ACTIVITY: Scan the records below for the line with "Molde de silicona" and the line with "Рисунок 5 - Женская", and retype that range exactly, both ends included, pictures excepted.

RECORD EXTRACTS:
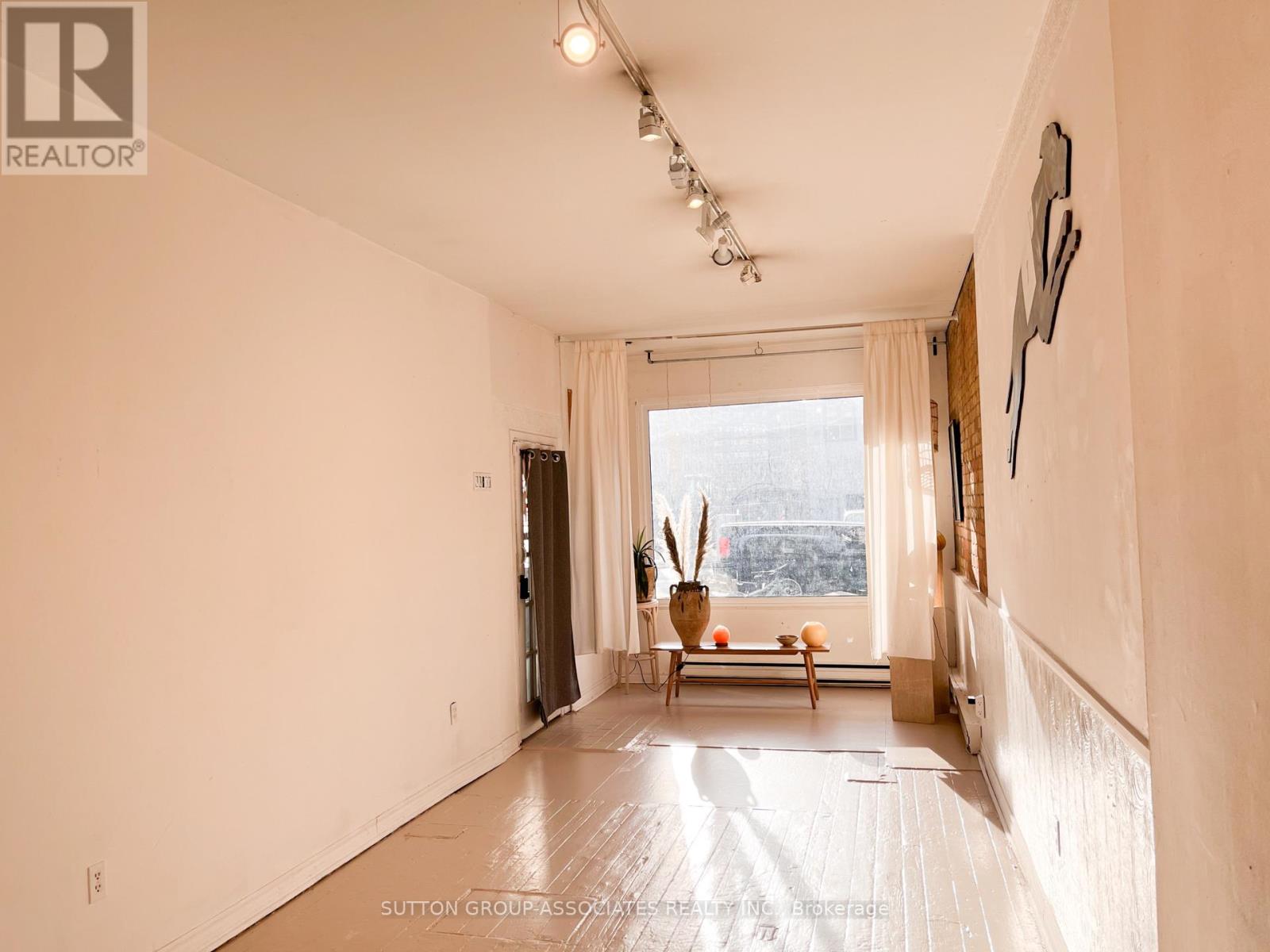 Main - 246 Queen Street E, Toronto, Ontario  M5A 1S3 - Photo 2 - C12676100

...

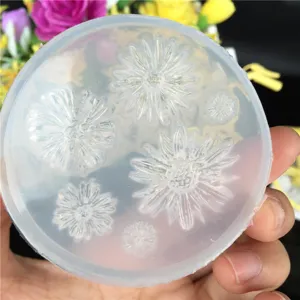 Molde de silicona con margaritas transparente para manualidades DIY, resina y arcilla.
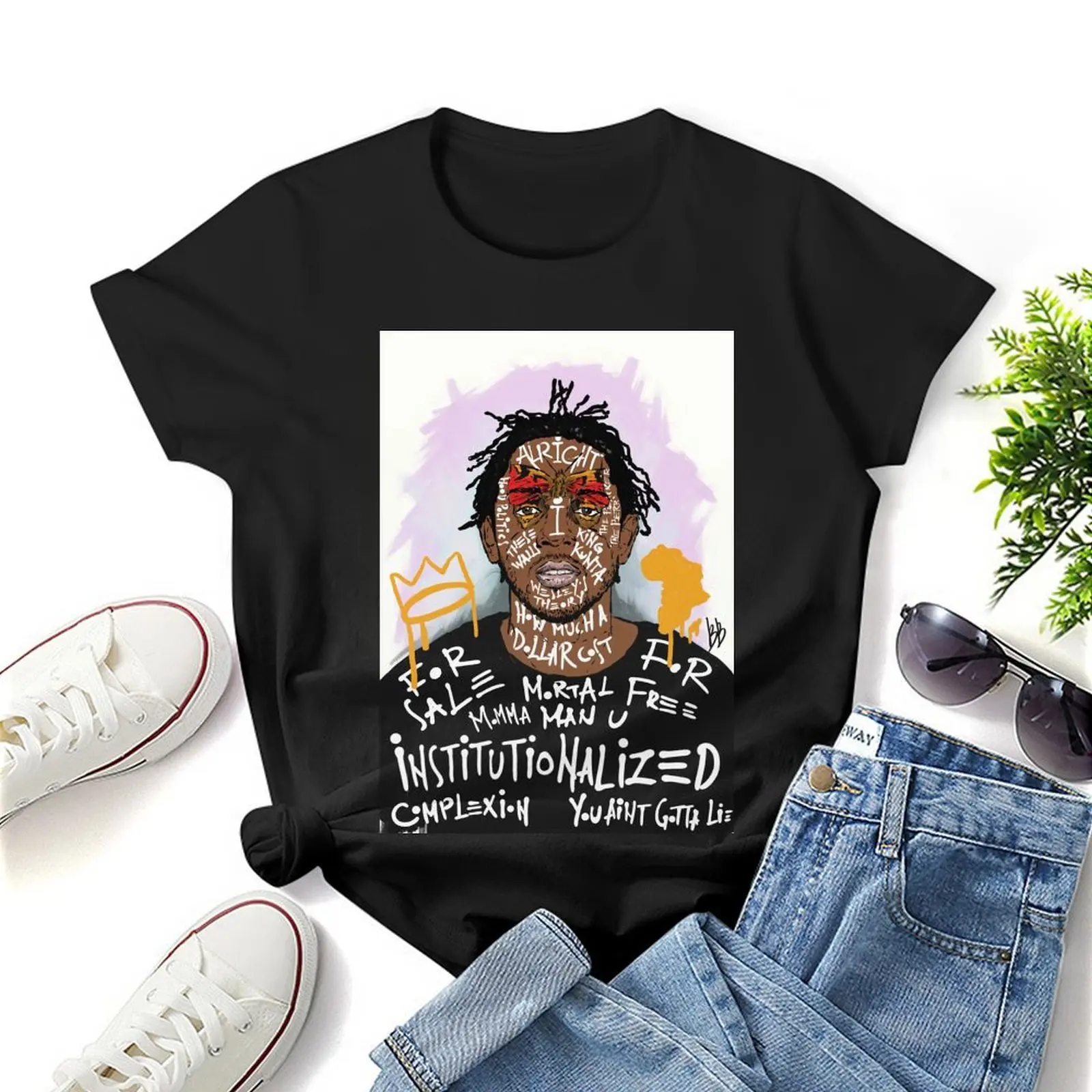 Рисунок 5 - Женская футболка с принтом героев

...

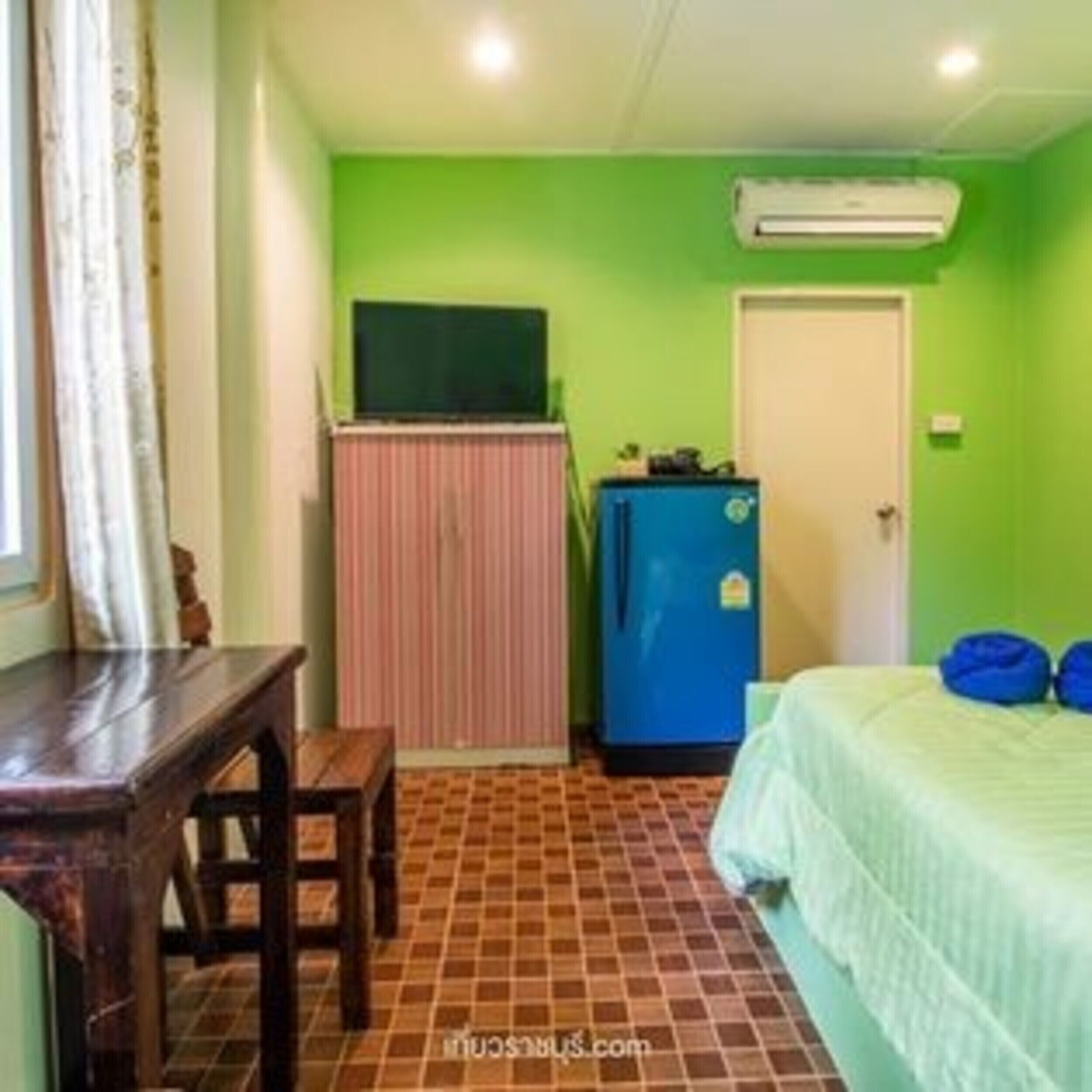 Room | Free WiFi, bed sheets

RESPONSE TO THIS TASK:
 Molde de silicona con margaritas transparente para manualidades DIY, resina y arcilla.
 Рисунок 5 - Женская футболка с принтом героев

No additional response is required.